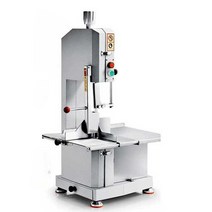 스테인레스 절단기 도축장 분할 슬라이스 뼈 기계, (작은 뼈 추천) 210형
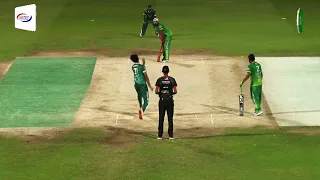 Pakistan vs Oman | Highlights | Tape ball championship | sharjah
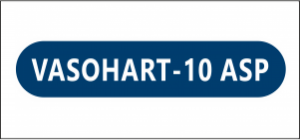 VASOHART-10 ASP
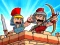 لعبة Impire Rush Rome Wars Tower Defense على الانترنت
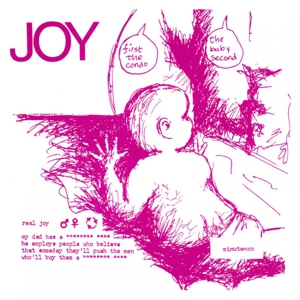 Release cover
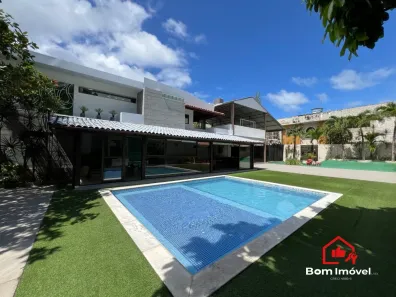 Casa com 5 Quartos para venda ou aluguel, 800m² no Candeias, Jaboatão dos Guararapes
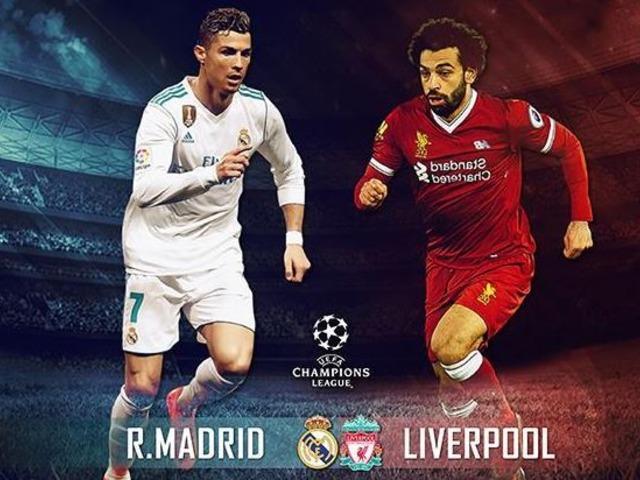 Liverpool Real Madrid maçı ne zaman, hangi kanalda? Şampiyonlar Ligi'nde dev maç!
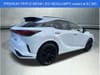 7 thumbnail image of  2024 Lexus RX 500h F SPORT Performance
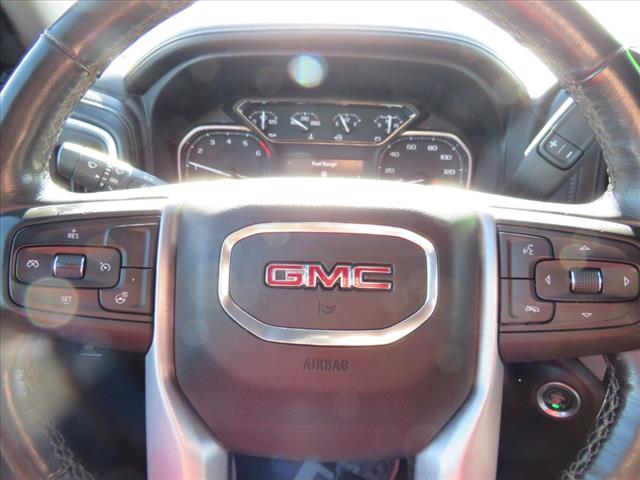 2021 GMC Sierra 3500HD SLT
* * *
**PROBLEM STATEMENT**:
The answer is to be the lines from the line that contains "Release cover" through the last line of the material, retyped exactly, both included, with pictures left out, please.

**SOLUTION FOR THIS EXERCISE**:
 Release cover
 Casa com 5 Quartos para venda ou aluguel, 800m² no Candeias, Jaboatão dos Guararapes
 Liverpool Real Madrid maçı ne zaman, hangi kanalda? Şampiyonlar Ligi'nde dev maç!
 7 thumbnail image of  2024 Lexus RX 500h F SPORT Performance
 2021 GMC Sierra 3500HD SLT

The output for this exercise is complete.